Aprendi também como plataformas digitais – tanto aquelas que intermedeiam diretamente as atividades laborais, quanto as redes sociais – alteraram profundamente o cotidiano do trabalho no Brasil. Dentre as inúmeras consequências deste processo, as novas tecnologias foram capazes de diminuir barreiras de entrada ao mercado de trabalho, dispensando processos seletivos antes custosos e difíceis. Elas ainda tornaram acessíveis o aprendizado de profissões, levando parcelas importantes da população periférica a encontrar novas fontes de renda, por exemplo, a partir de vídeos assistidos no YouTube. Reconhecer as vantagens que estas tecnologias apresentaram aos trabalhadores não significa, em absoluto, negar que elas também produziram consequências drásticas. Mas se não cabe, neste texto sucinto, um balanço dos impactos da nova infraestrutura tecnológica sobre a vida laboral de segmentos extensos da população, penso que o conhecimento sobre as novas classes trabalhadoras acumulado até aqui nos obriga a formular alternativas ao trabalho formal (marcado, por exemplo, por remuneração e jornadas de trabalho fixas) como principal instrumento garantidor de direitos fundamentais.
Não se trata de uma tarefa simples, já que ela desafia certezas que estão no cerne da identidade política de esquerda. Mas a tarefa de buscar saídas condizentes com os desafios do século XXI se torna possível conforme nos reconectamos com as bases sociais populares. E isto requer uma escuta radical desarmada dos quadros teóricos que informam nossas próprias visões de mundo para enxergarmos os significados do trabalho pelas lentes das populações periféricas.
A pesquisa coordenada pelo CASB e o relatório que ela produziu são contribuições valiosas neste sentido. Além de ampliar nosso conhecimento sobre novas classes trabalhadoras brasileiras, eles revelam um amplo leque de questões que merecem ser examinadas com cuidado. O tema da saúde mental de trabalhadoras e trabalhadores é uma amostra disso.
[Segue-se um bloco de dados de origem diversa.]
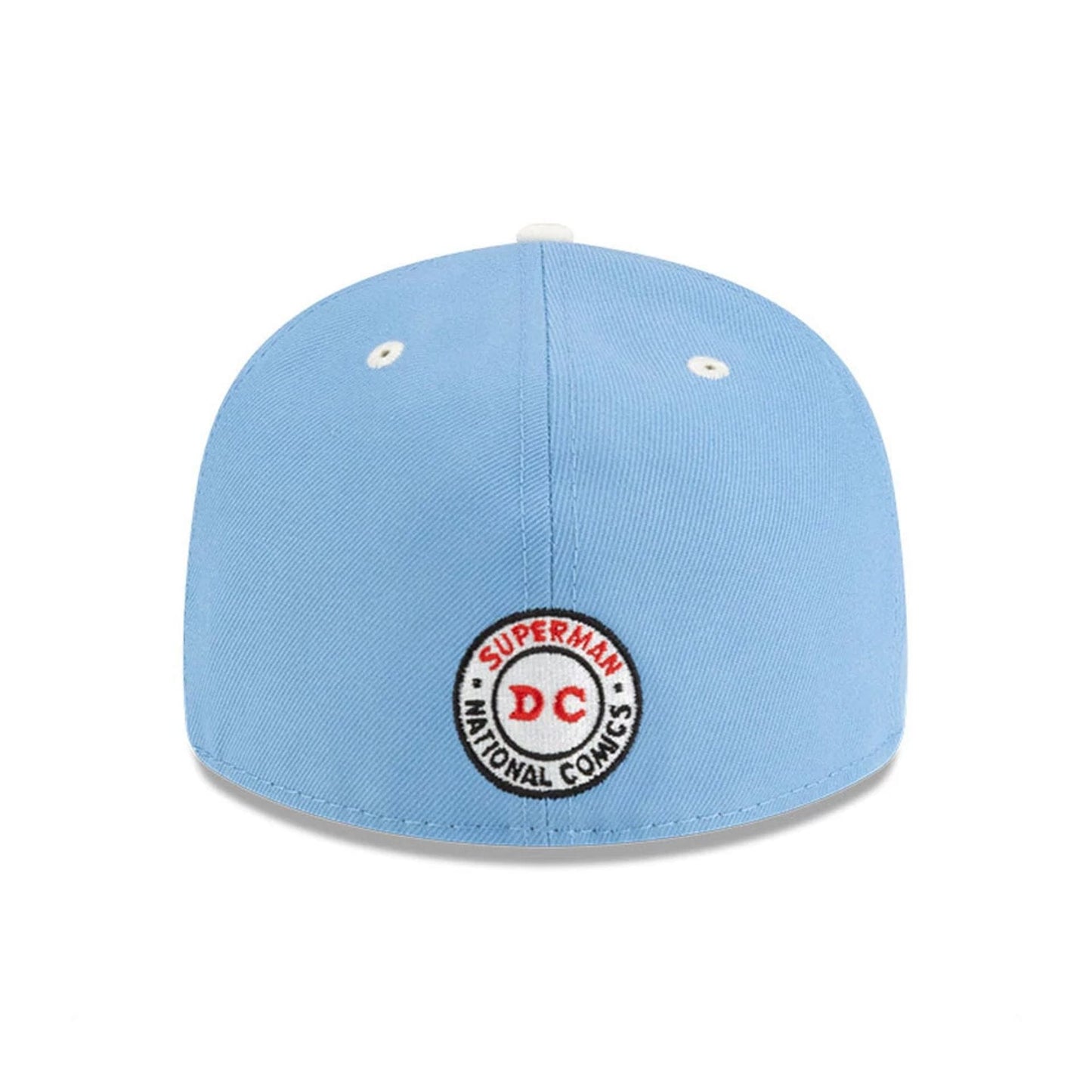 This is a Justice League Of America Pastel Blue Retro Crown 59FIFTY Fitted Cap 4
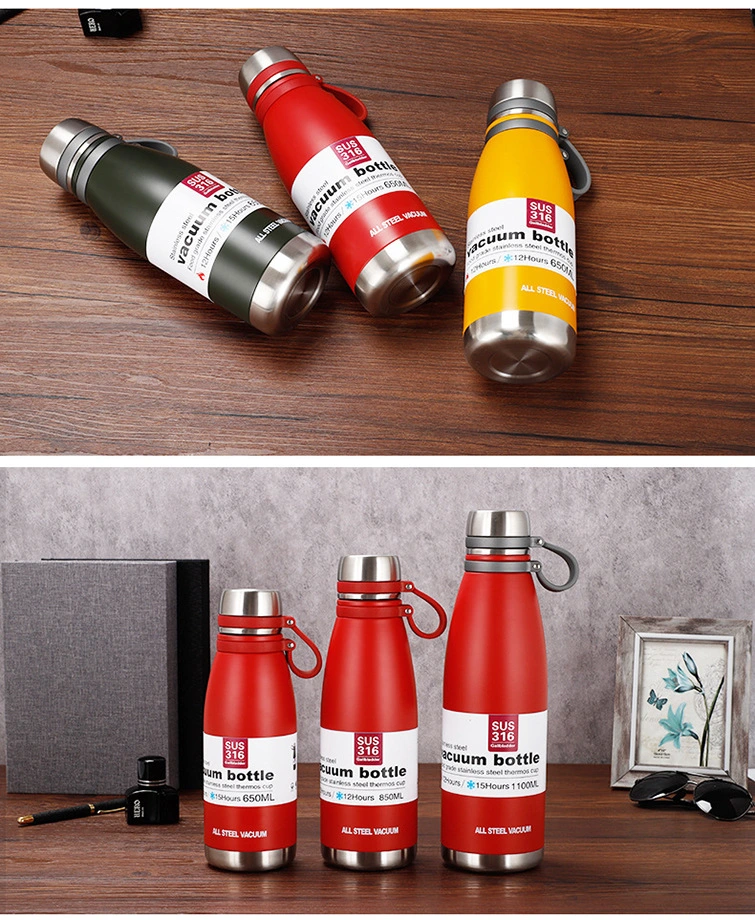 Stainless Steel Wide Mouth Water Jug Insulated Sports Canteen Thermo Flask Water Bottle Flask with Lid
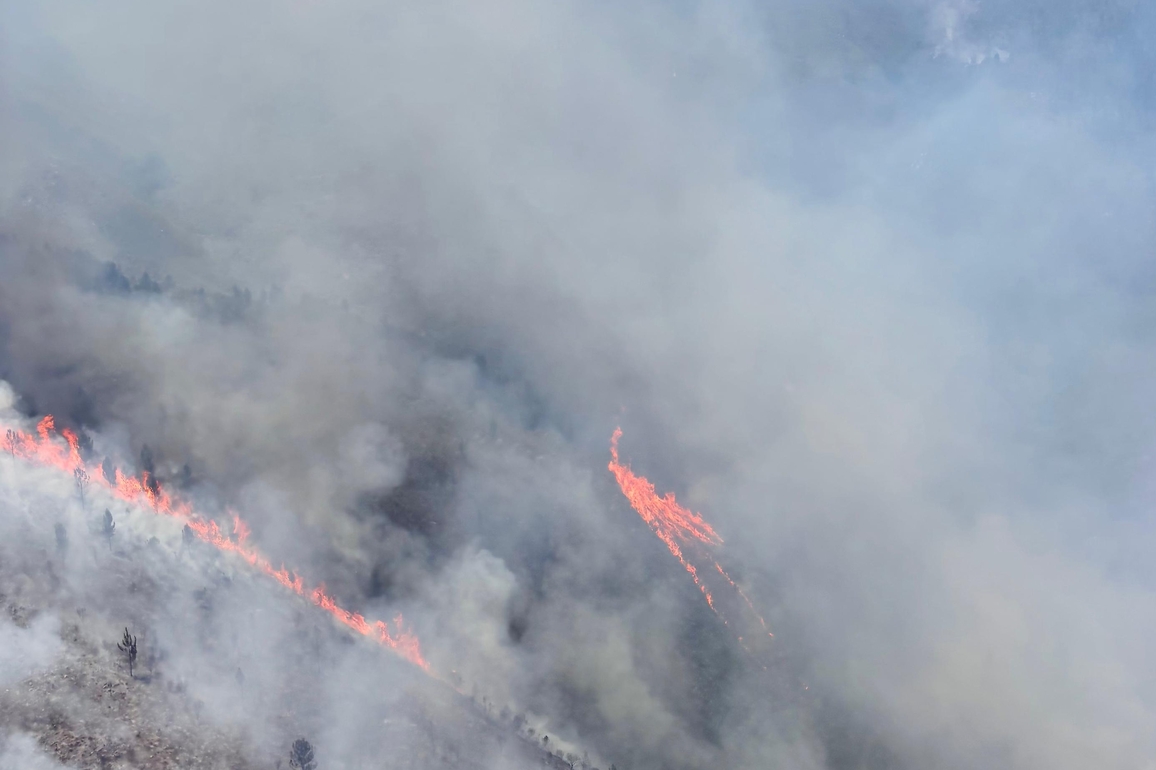 SOUTH AFRICA-WESTERN CAPE-WILDFIRES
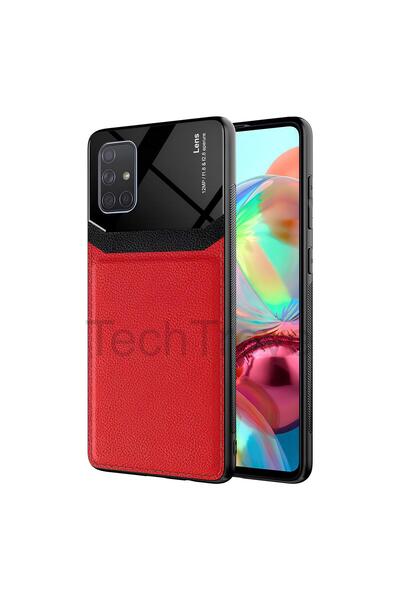 Hatreds Samsung Galaxy A71 Kılıf Derili Dizayn Yeni Tasarım Soft Elde Kaymaya...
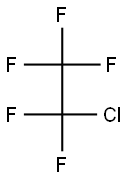 Pentafluorochloroethane Struktur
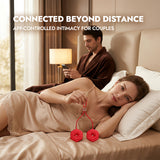 App-Controlled Rose Nipple Clamps with 9 Vibration Modes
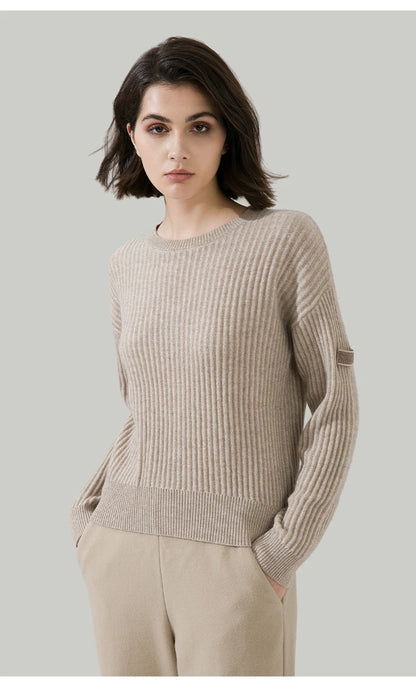 The Hannah • Knitted Rib Pullover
Outro ponto fundamental a ser desdobrado em pesquisas futuras diz respeito aos aspectos simbólicos ligados ao trabalho.
Para encerrar (o texto, mas certamente não a discussão) destaco que, por tudo que apreendemos até aqui, uma parcela muito ampla da classe trabalhadora hoje está em disputa. Pode parecer difícil apostar na possibilidade de trazer para o campo democrático segmentos da população que têm apoiado consistentemente projetos autoritários, mas cabe lembrar que mesmo os setores mais alinhados com forças políticas da extrema-direita operaram uma guinada ideológica em apenas poucos anos. Minha tese é que estes novíssimos movimentos se alimentam de uma certa apatia da esquerda diante de transformações.
Por mais difícil que seja, é preciso admitir que o avanço da ultradireita no Brasil e em outras partes do mundo se deve, em boa parte, a sua capacidade de dialogar com os anseios populares. Faz isso apresentando agendas audaciosas – ainda que frequentemente delirantes – enquanto a esquerda insiste em travar lutas políticas como se pudesse reconstituir as condições sociais do século anterior. Frear e reverter este movimento só será possível na medida em que formos capazes de propor saídas tão ou mais audazes. E, para que isso, aconteça é preciso caprichar nos diagnósticos, fazendo da escuta a nossa pedra angular.